Furthermore, the measure in question do not put a disproportionate individual burden on the applicant because in the period from 1991 until 1995 many homes in Croatia were destroyed as a consequence of war. The applicant’s position in this respect does not differ form other persons who suffered similar losses.
As to the availability of an effective remedy, the Government maintain that the applicant was able to lodge a constitutional claim challenging the constitutionality of the Act on Changes of the Civil Obligations Act and that that is an effective remedy for the protection of the applicant’s rights in this case.
The applicant argues that his claim cannot be regarded as uncertain. He maintains that there have been no justification for not accepting his claim.
He further claims that the war in Croatia has never been officially proclaimed and that the only reason for the violation of his rights is unwillingness of the Croatian authorities to adequately compensate persons in his position.
The applicant also submits that he did challenge the constitutionality of the 1996 legislation but that the Constitutional Court has not decided his claim. However, in his opinion, these proceedings are irrelevant for the present application because he can not have his compensation claim decided in the proceedings before the Constitutional Court.
The Court does not find it necessary to examine all the issues raised by the Government because the application is in any event inadmissible for the following reasons.
The Court firstly has to ascertain whether, and to what extent, it is competent ratione temporis to deal with the application. It reiterates that in accordance with the generally recognised rules of international law, the Convention only governs, for each Contracting Party, facts subsequent to its entry into force with regard to that Party (see, for example, X. v. Portugal, application no. 9453/81, Commission decision of 13 December 1982, Decisions and Reports (DR) 31 pp. 204, 208 and Kadikis v. Latvia (dec.), no. 47634/99, 29 June 2000).

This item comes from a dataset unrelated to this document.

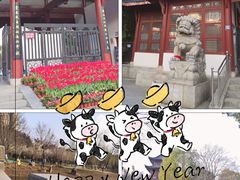 -堤角公园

The Court recalls that Croatia recognised the competence of the Court to receive applications “from any person, non-governmental organisation or group of individuals claiming to be a victim of a violation by Croatia of the rights recognised in the Convention through any act, decision or event occurring after 5 November 1997.” Accordingly, the Court is not competent to examine the present application in so far as it refers to facts occurring before the date of the ratification of the Convention.
The Court notes that the applicant’s property was destroyed in 1992, before Croatia ratified the Convention. The Court agrees with the Government that this was an instantaneous act which did not create any continuous situation.
The Court notes further that although the legislative interference took place after the Convention entered into force in respect of Croatia it was so closely related to the events that gave rise to the applicant’s claim that divorcing the two would amount to giving retroactive effect to the Convention which would be contrary to general principles of international law. At the same time it would render Croatia’s declaration recognising the Court’s competence to receive individual applications nugatory (the Stamulakatos v. Greece judgment of 30 September 1993, Series A no. 271, p. 14, § 33 and Multiplex v. Croatia , (dec.), no. 58112/00, 26 September 2002, unreported).
It follows that this part of the application is incompatible ratione temporis with the provisions of the Convention within the meaning of Article 35 § 3 and must be rejected in accordance with Article 35 § 4.
For these reasons, the Court unanimously
Declares admissible, without prejudging the merits, the applicant’s complaints concerning his right of access to court;
Declares the remainder of the application inadmissible.